Oggi invece, il rapporto tra il leader (Berlusconi) ed il popolo è stato un rapporto diretto e unidirezionale, se non fosse per il bollore ormonale risvegliato, il berlusconiano del domani al massimo potrà avere nostalgia dei condoni, dell’impunità e di barzellette di dubbio gusto. Troppo poco sicuramente per permettere uno sfrenato esercizio storiografico per gli addetti ai lavori.
Su La7 poco fa ci si chiedeva se un giorno nelle edicole, accanto al calendario di Padre Pio e di Mussolini, ci sarà anche il calendario di Berlusconi. Almenochè non sia lo stesso Berlusconi a produrlo, dubito che nelle cucine delle case degli italiani si potrà mai trovare un prodotto simile. Avrei difficoltà ad immaginare quali possano essere le frasi e gli aforismi politici scritti accanto ad ogni giorno del calendario. Potrebbero metterci una barzelletta al giorno, o una foto di donne nude per ogni mese, ma sono prodotti già presenti sul mercato.
Questo ventennio post non lascerà alla storia nessuna nuova ideologia, nessuna nostalgia. Il carattere di unicità di questo periodo consiste nell’essere il precursore della storia.
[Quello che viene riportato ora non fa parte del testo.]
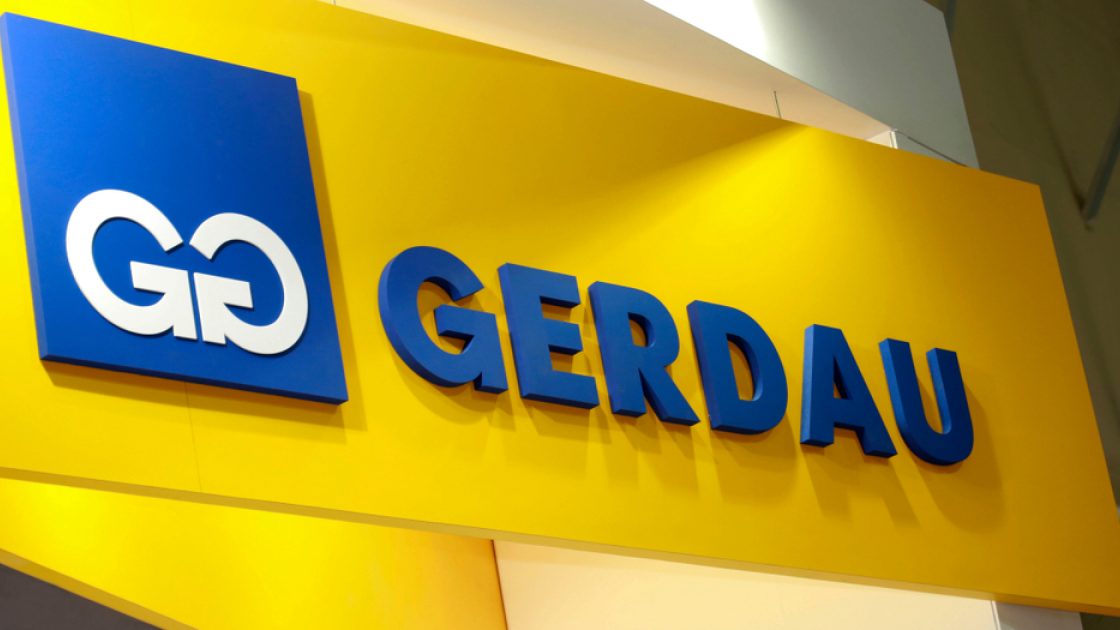 Brezilya'da Yeni Bir Maden Fırını İnşa Edilecek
La fine della storia berlusconiana rappresenta la prima parabola completa di un tipo di regime nuovo, caratterizzato dall’assenza della politica e delle ideologie. Una crisi che oggi si palesa in tutto il mondo con il predominio della finanza sulla sovranità dello Stato, sovranità che in Italia, invece, ha visto la sua fine nei tempi non sospetti del 1994 e che oggi, in controtendenza rispetto al resto dell’occidente, avrebbe l’opportunità di rimettersi al centro. Ovviamente questo non accadrà perchè è il sistema globale che ha ormai preso la strada della liquidità politica e della liquidazione degli stati.
Putroppo per noi, però, se gli altri Stati a questa condizione ci stanno arrivando ora, noi abbiamo iniziato nel lontano 1994 e nessuno, temo, ci restituirà mai tutti questi anni sprecati.